Let’s talk about what the heck is this activity lifecycle that I keep referencing. We’ll start with an Activity. An activity roughly speaking represents a single screen that your user is interacting with. As a developer, you probably know even if you’ve only just done a Hello, World! tutorial, this means you’re writing some Java class that’s extending from some framework activity class.

On slide 6 you can see I have a TickerActivity class. Inside it, I have this instance variable called mCount, and I’m setting it to zero. Whenever I create a new ticker activity, I am initializing my count to zero and then I’ve got some other stuff going on. I’ve got this onCreate method, which you may or may not have seen, and I’m doing some setup with my UI.

What’s not shown here is when the user’s pressing the button, I’m incrementing the value of that mCount.
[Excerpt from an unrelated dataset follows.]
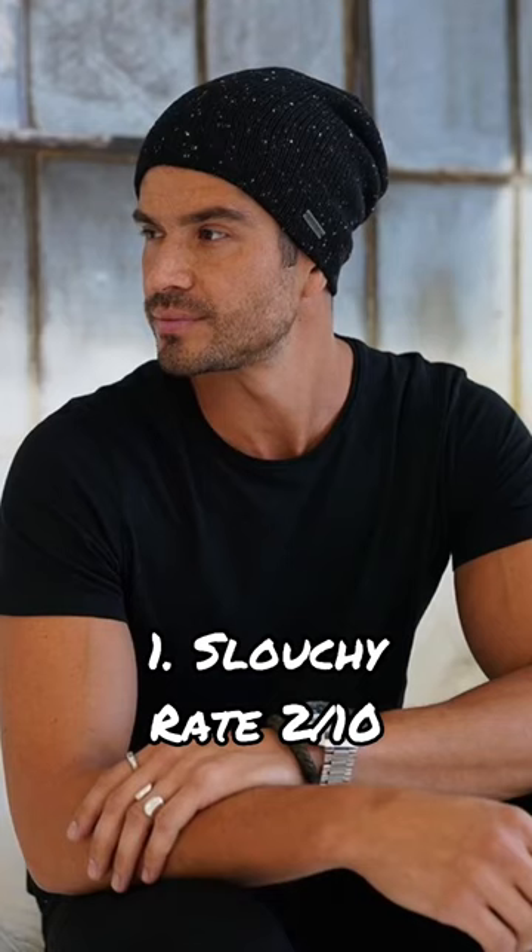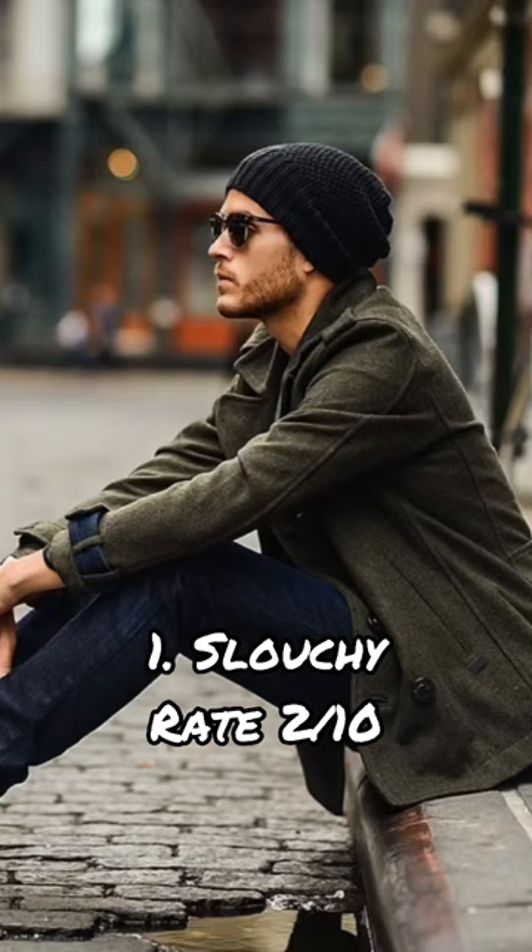Here are three ways to wear a beanie. The third way looks the best. First up, we have the slouchy look. This one here has no cuff and it kind of folds over in the back.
That variable becomes very important throughout this presentation. Here’s the thing about activities. You write all this code, and that’s great, but you will never create an instance of your activity. Instead, you rely on the operating system to create instances of it at run time based on what your user’s doing. The operating system does it, in response to something called an intent.

Activity Manager (3:00)

Here’s a simple example. The user clicks on the ticker icon on the launch screen. That issues a request and intent to start my ticker activity. There’s something that lives in the operating system called an Activity Manager, which is listening for these requests and it’s going to spin up a process for my activities to live in. It’s going to create an instance of ticker activity. Then, it’s going to move my ticker activity to what we call the running state. Now the user sees my ticker app, and they can interact with it.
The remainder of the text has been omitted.